Task to carry out: The expected output is the full data, repeated exactly, without pictures.

START Record excerpts

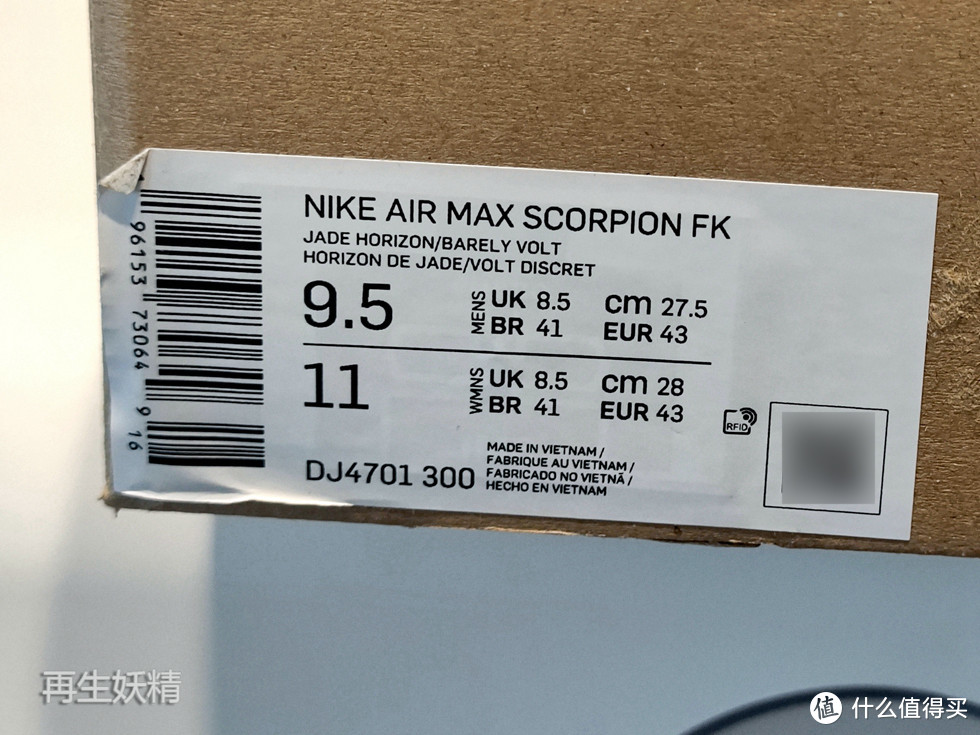 穿上身高185，Nike Air Max Scorpion 上脚初体验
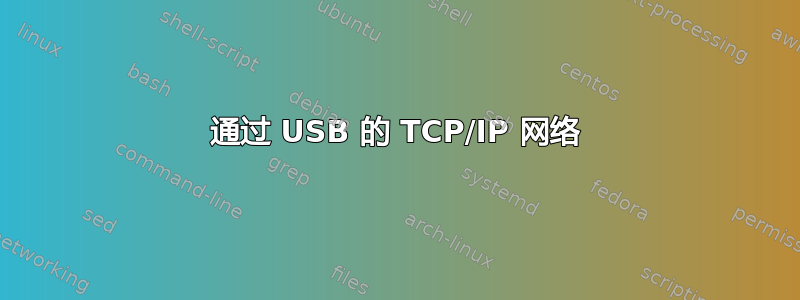 通过 USB 的 TCP/IP 网络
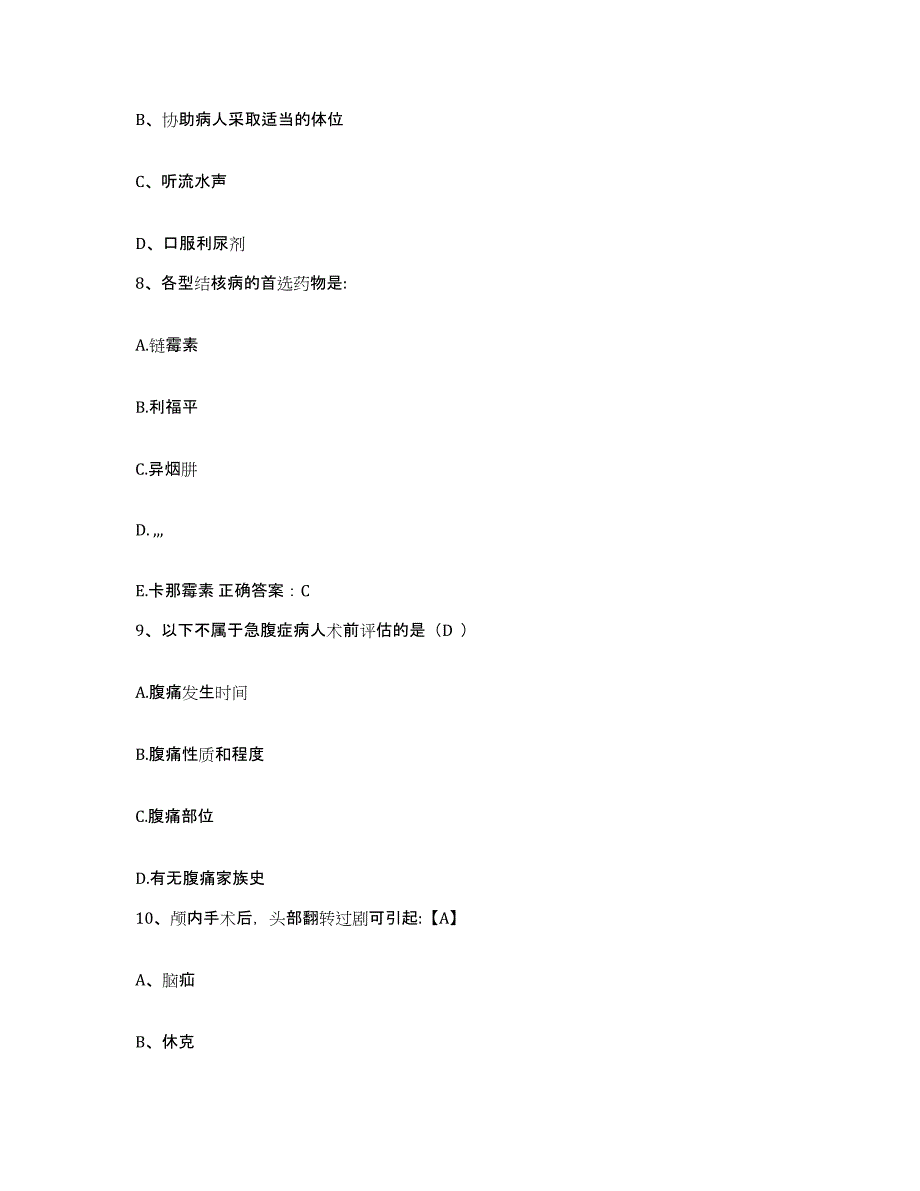 备考2025北京市房山区窦店中心卫生院护士招聘典型题汇编及答案_第3页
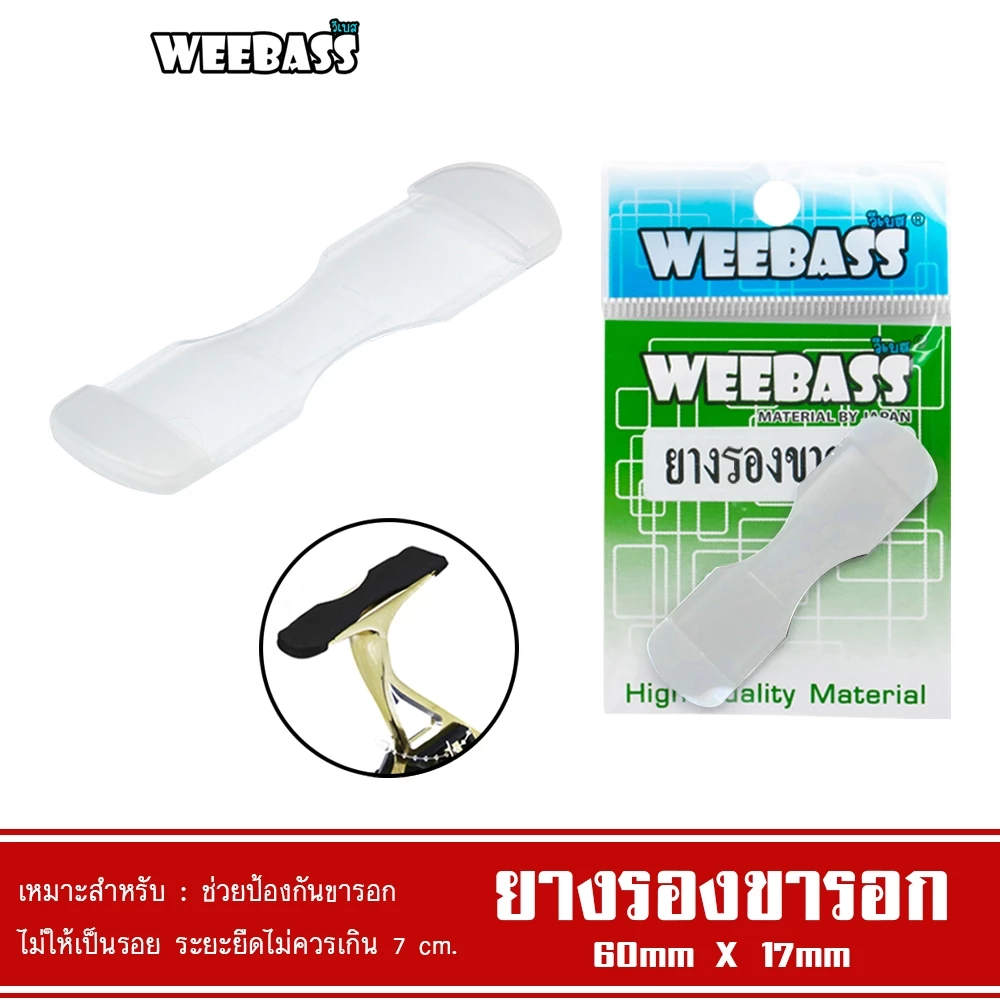 WEEBASS อุปกรณ์ - รุ่น ยางรองขารอก ยางรองขายึดรอก ยางยึดขารอก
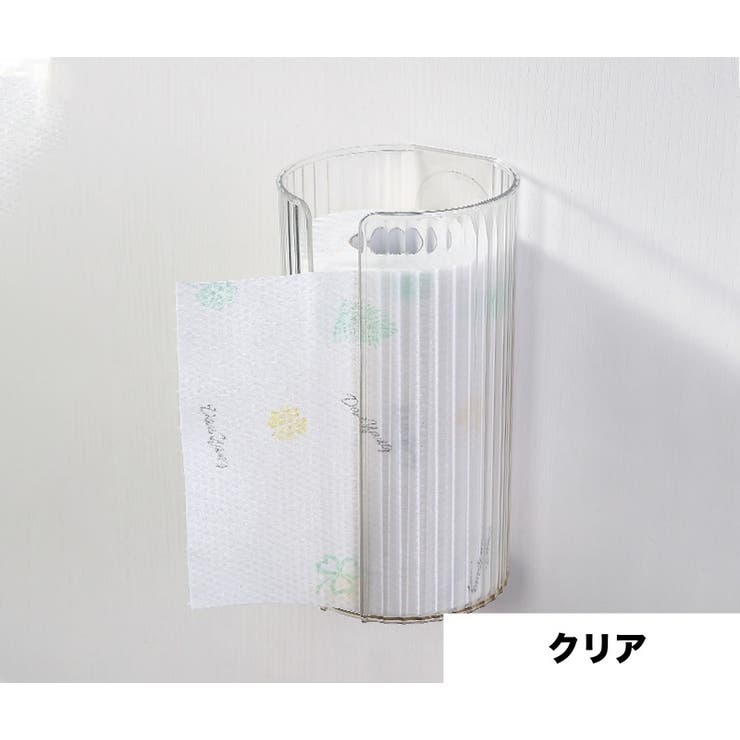 ペーパータオルホルダー キッチンペーパーホルダー 壁掛け | PlusNao | 詳細画像16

END Record excerpts

Result of the task:
 穿上身高185，Nike Air Max Scorpion 上脚初体验
 通过 USB 的 TCP/IP 网络
 备考2025北京市房山区窦店中心卫生院护士招聘典型题汇编及答案_第3页
 WEEBASS อุปกรณ์ - รุ่น ยางรองขารอก ยางรองขายึดรอก ยางยึดขารอก
 ペーパータオルホルダー キッチンペーパーホルダー 壁掛け | PlusNao | 詳細画像16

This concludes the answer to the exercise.